The ETF industry is booming. So why are half its professionals still feeling shortchanged?

Trading professionals command near $60K more than any other role as operations staff fall further behind

The ETF industry is booming. So why are half its professionals still feeling shortchanged?

The gap between what ETF firms pay their most valuable employees and what they pay their back-office staff is widening sharply, with new compensation data revealing a market that rewards commercial impact above almost everything else.

The 2026 Global ETF Salary Index, published by specialist ETF recruitment and training firm Blackwater, draws on a sample of roughly 500 professionals and shows average total compensation across the industry has reached $378,000. That headline figure, however, masks a far more divided market underneath.

Regional disparities have become particularly pronounced. Professionals in the Americas now average $471,049 in total compensation (a combination of $267,102 in base salary and $203,947 in bonuses)  compared with $339,666 in EMEA and $318,011 in Asia Pacific.

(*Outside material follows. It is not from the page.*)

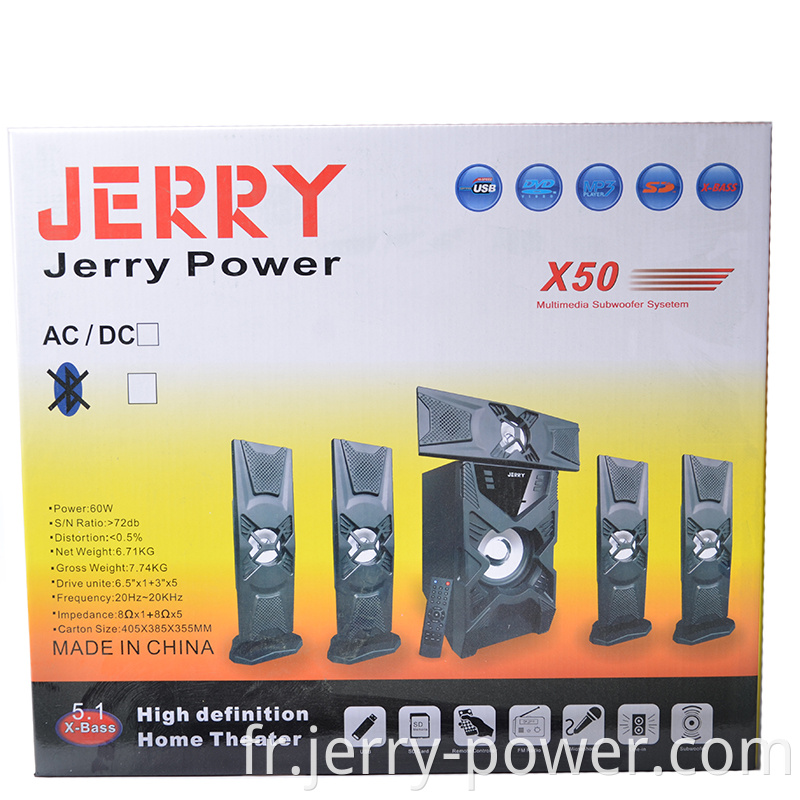 Jerry Marque 5.1 Surround Sound Music Player Circuit Circuit HiFi System Système Home Théâtre Haut-Parleur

The Americas figure represents a 19.5% year-over-year increase from $394,000, while Asia Pacific grew just 2.6%.

The report frames the divergence as a structural problem for firms that continue applying a single global pay framework. Professionals hired into trading or sales roles in New York City face a compensation environment with no real equivalent in London or Singapore, and firms that use European bands for US roles are described in the report as running a near-certain retention risk.

Traders vs. operations

Trading professionals averaged $573,381 in total compensation, driven in part by bonuses averaging more than $301,000;  the highest bonus intensity of any function in the survey. Capital markets came in at $368,701, followed by sales at $362,122 and portfolio management at $350,290.

At the other end of the scale sits operations, where average total compensation reached just $214,219 despite the function underpinning settlement, corporate actions, and authorized participant coordination. The report notes that operations pay grew 8.6% from $197,000 in 2025, but that increase trails the 12.3% surge seen in trading and does little to close the structural gap between what operations staff earn and the platform risk they carry.

The seniority ladder shows its own inflection points. Analysts averaged $109,911 in total compensation while managing directors reached $735,830, with bonuses alone averaging $365,675 at that level.

The report identifies the VP and director cohort as the layer under the most retention pressure; senior enough to carry significant operational and commercial responsibility, but without the long-term incentive structures that tend to retain C-suite executives.

Nearly half of all respondents said they believe they are underpaid, against just 32% who felt their compensation was aligned with the market. The report ties that dissatisfaction partly to a pattern it labels "juniorfication," where junior and mid-level staff absorb responsibilities that go beyond their title and pay grade without commensurate recognition.

Performance-based cash bonuses remain the dominant form of variable pay, cited by nearly 75% of respondents, but the report identifies widespread frustration over how those bonuses are calculated and communicated. Outcomes perceived as subjective or tied to vague contract provisions have eroded trust in compensation frameworks across the industry.

The gender pay gap narrowed from 20% in 2025 to 15% in 2026, a movement the report acknowledges while stopping well short of treating it as resolved. The remaining gap, it notes, is driven not only by base salary differences but also by unequal access to higher-variable-pay roles and bonus outcomes.

AI impact ahead?

Looking ahead, the report raises questions about artificial intelligence and its likely effect on the compensation hierarchy.

Process-heavy functions in operations and research are identified as more exposed to automation-driven wage compression, while roles requiring judgment, client negotiation, and strategic oversight are expected to attract growing premiums. Compliance and risk functions occupy a different position: regulatory constraints on the use of public AI tools may insulate those roles from the same efficiency pressures.

Blackwater's guidance for ETF issuers centers on three actions: abandoning single-band global salary frameworks in favor of function-specific and region-specific structures; repricing operations before an operational failure forces the issue; and replacing opaque year-end bonus processes with metrics defined at the start of the performance period.